**What is needed**
Write out, word for word, every line in the data below from the one containing "merry jenny（メリ" to the one containing "E 3rd Street", both of them included.

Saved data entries
%%

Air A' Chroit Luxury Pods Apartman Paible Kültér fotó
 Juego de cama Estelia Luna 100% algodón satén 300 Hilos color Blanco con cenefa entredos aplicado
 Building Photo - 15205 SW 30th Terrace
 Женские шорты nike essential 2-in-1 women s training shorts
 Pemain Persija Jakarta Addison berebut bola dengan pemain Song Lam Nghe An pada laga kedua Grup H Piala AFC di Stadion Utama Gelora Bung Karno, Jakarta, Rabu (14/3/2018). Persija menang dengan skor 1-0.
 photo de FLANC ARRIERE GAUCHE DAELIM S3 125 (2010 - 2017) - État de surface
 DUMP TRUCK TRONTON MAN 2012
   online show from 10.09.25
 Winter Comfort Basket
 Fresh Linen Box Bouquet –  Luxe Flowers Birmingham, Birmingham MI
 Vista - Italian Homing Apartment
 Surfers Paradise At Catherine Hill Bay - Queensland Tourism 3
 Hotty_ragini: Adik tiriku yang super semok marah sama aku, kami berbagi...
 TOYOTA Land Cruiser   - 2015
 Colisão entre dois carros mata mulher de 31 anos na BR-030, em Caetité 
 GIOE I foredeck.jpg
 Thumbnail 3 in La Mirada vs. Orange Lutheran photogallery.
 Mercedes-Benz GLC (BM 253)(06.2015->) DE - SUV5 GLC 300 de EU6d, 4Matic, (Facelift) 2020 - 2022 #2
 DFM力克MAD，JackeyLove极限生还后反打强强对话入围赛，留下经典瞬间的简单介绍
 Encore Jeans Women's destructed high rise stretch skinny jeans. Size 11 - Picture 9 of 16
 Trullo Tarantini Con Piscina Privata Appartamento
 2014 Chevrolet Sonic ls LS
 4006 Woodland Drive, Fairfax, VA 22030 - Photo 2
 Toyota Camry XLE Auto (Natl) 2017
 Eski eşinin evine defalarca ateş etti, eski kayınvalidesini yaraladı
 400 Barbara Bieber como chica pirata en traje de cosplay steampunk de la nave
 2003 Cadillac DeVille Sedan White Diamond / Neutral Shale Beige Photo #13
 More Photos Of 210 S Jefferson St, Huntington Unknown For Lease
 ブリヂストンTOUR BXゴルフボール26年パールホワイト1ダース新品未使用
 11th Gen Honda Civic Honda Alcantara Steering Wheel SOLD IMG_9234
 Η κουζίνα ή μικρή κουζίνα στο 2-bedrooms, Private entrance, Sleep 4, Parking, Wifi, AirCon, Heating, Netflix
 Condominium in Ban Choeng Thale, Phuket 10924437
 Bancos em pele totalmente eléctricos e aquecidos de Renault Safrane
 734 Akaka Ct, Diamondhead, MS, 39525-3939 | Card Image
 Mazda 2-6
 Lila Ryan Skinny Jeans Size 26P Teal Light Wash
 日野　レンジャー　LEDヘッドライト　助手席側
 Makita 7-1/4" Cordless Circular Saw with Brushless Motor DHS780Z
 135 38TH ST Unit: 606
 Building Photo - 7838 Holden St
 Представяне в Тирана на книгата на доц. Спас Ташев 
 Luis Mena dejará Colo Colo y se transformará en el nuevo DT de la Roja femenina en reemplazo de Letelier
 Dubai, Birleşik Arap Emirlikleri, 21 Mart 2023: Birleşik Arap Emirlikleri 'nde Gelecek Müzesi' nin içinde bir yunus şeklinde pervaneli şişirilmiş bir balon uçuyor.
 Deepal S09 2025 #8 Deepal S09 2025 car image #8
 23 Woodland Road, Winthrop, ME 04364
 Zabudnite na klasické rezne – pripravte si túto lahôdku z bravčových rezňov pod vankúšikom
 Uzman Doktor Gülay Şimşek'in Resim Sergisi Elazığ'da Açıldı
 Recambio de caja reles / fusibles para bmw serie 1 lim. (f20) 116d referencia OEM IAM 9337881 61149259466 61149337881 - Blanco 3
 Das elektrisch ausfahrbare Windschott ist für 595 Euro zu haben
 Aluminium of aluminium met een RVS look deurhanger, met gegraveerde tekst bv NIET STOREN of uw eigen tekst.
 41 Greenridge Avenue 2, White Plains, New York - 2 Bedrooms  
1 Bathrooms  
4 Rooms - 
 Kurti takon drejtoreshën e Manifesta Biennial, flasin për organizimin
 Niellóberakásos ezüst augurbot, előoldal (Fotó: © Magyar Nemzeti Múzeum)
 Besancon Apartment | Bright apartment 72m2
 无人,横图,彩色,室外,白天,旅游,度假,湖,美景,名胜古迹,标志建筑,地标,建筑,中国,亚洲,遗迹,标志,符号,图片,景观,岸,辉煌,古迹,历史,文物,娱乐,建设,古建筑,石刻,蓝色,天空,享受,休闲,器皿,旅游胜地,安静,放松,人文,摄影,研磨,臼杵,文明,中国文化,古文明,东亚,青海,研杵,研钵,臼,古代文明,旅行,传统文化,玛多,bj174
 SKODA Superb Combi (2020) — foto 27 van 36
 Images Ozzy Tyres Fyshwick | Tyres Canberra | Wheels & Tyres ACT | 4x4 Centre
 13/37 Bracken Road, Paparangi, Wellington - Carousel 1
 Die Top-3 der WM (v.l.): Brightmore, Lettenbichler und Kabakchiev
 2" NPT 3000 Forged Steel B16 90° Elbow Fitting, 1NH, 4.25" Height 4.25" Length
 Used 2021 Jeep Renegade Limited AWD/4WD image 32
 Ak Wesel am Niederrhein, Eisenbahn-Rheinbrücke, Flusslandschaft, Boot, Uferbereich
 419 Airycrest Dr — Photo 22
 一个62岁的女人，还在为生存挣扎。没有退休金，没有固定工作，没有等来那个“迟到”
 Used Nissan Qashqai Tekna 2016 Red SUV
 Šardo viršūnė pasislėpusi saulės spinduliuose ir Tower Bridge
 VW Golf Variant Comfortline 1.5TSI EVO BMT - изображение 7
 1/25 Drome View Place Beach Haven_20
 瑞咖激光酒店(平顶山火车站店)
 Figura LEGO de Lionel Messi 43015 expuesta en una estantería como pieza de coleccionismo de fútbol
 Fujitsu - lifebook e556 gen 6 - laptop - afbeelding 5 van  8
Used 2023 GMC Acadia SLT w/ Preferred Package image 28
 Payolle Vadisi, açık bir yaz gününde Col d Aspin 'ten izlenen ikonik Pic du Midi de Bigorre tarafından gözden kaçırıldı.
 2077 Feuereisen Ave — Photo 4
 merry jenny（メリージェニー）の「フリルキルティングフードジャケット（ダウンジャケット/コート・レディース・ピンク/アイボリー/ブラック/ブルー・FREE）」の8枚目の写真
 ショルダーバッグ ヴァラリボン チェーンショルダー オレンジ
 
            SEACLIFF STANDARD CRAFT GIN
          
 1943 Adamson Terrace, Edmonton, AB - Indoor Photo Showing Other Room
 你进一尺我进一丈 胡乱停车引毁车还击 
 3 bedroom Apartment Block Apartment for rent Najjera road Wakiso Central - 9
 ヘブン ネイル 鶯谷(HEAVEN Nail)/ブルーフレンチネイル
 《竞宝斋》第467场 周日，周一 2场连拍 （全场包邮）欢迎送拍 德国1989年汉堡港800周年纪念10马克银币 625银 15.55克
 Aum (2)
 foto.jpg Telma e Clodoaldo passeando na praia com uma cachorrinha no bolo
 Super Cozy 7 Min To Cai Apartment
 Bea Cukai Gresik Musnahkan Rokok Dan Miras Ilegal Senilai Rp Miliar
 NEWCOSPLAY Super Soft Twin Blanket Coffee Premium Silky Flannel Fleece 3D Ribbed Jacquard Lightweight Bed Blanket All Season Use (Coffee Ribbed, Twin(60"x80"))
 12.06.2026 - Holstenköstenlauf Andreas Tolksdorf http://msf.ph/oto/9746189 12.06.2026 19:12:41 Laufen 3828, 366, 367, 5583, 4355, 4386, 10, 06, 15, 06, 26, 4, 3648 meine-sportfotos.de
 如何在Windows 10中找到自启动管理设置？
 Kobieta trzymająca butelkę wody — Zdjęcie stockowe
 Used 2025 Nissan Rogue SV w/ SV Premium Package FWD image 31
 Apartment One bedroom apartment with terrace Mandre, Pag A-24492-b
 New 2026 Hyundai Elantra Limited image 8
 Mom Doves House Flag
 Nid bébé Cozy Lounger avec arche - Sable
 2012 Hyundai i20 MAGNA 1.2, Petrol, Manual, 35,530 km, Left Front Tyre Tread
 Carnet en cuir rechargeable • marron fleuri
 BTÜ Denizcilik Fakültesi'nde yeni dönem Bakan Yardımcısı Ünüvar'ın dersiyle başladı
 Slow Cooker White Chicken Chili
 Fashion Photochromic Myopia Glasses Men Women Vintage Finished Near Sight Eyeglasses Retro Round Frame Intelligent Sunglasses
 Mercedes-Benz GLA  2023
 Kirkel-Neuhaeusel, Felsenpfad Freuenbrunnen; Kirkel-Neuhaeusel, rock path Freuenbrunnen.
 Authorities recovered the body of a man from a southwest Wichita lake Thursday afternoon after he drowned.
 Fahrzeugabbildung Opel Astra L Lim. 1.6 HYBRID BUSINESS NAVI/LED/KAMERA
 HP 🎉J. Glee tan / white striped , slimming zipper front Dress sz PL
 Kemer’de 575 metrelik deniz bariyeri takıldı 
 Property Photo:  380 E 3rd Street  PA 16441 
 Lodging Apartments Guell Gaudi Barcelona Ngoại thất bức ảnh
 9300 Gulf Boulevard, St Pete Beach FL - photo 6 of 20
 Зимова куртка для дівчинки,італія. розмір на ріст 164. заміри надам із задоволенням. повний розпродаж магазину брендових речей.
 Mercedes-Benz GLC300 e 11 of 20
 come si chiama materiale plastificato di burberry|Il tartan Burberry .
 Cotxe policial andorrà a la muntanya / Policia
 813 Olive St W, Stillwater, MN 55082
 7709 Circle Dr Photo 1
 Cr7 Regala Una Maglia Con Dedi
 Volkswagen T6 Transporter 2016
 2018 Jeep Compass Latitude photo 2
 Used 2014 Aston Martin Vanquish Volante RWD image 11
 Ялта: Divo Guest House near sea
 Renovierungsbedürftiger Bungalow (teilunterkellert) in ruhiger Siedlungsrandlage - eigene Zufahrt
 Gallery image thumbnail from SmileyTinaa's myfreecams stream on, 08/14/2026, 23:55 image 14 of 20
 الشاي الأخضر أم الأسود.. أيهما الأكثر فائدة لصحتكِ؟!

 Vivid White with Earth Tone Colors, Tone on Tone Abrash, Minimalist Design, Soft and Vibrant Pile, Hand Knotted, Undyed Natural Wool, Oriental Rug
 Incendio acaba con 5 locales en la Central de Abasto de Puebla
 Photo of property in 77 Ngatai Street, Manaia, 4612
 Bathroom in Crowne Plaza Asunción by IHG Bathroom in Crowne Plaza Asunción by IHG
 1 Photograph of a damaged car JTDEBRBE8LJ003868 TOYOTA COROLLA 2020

%%

**Answer box**
 merry jenny（メリージェニー）の「フリルキルティングフードジャケット（ダウンジャケット/コート・レディース・ピンク/アイボリー/ブラック/ブルー・FREE）」の8枚目の写真
 ショルダーバッグ ヴァラリボン チェーンショルダー オレンジ
 
            SEACLIFF STANDARD CRAFT GIN
          
 1943 Adamson Terrace, Edmonton, AB - Indoor Photo Showing Other Room
 你进一尺我进一丈 胡乱停车引毁车还击 
 3 bedroom Apartment Block Apartment for rent Najjera road Wakiso Central - 9
 ヘブン ネイル 鶯谷(HEAVEN Nail)/ブルーフレンチネイル
 《竞宝斋》第467场 周日，周一 2场连拍 （全场包邮）欢迎送拍 德国1989年汉堡港800周年纪念10马克银币 625银 15.55克
 Aum (2)
 foto.jpg Telma e Clodoaldo passeando na praia com uma cachorrinha no bolo
 Super Cozy 7 Min To Cai Apartment
 Bea Cukai Gresik Musnahkan Rokok Dan Miras Ilegal Senilai Rp Miliar
 NEWCOSPLAY Super Soft Twin Blanket Coffee Premium Silky Flannel Fleece 3D Ribbed Jacquard Lightweight Bed Blanket All Season Use (Coffee Ribbed, Twin(60"x80"))
 12.06.2026 - Holstenköstenlauf Andreas Tolksdorf http://msf.ph/oto/9746189 12.06.2026 19:12:41 Laufen 3828, 366, 367, 5583, 4355, 4386, 10, 06, 15, 06, 26, 4, 3648 meine-sportfotos.de
 如何在Windows 10中找到自启动管理设置？
 Kobieta trzymająca butelkę wody — Zdjęcie stockowe
 Used 2025 Nissan Rogue SV w/ SV Premium Package FWD image 31
 Apartment One bedroom apartment with terrace Mandre, Pag A-24492-b
 New 2026 Hyundai Elantra Limited image 8
 Mom Doves House Flag
 Nid bébé Cozy Lounger avec arche - Sable
 2012 Hyundai i20 MAGNA 1.2, Petrol, Manual, 35,530 km, Left Front Tyre Tread
 Carnet en cuir rechargeable • marron fleuri
 BTÜ Denizcilik Fakültesi'nde yeni dönem Bakan Yardımcısı Ünüvar'ın dersiyle başladı
 Slow Cooker White Chicken Chili
 Fashion Photochromic Myopia Glasses Men Women Vintage Finished Near Sight Eyeglasses Retro Round Frame Intelligent Sunglasses
 Mercedes-Benz GLA  2023
 Kirkel-Neuhaeusel, Felsenpfad Freuenbrunnen; Kirkel-Neuhaeusel, rock path Freuenbrunnen.
 Authorities recovered the body of a man from a southwest Wichita lake Thursday afternoon after he drowned.
 Fahrzeugabbildung Opel Astra L Lim. 1.6 HYBRID BUSINESS NAVI/LED/KAMERA
 HP 🎉J. Glee tan / white striped , slimming zipper front Dress sz PL
 Kemer’de 575 metrelik deniz bariyeri takıldı 
 Property Photo:  380 E 3rd Street  PA 16441 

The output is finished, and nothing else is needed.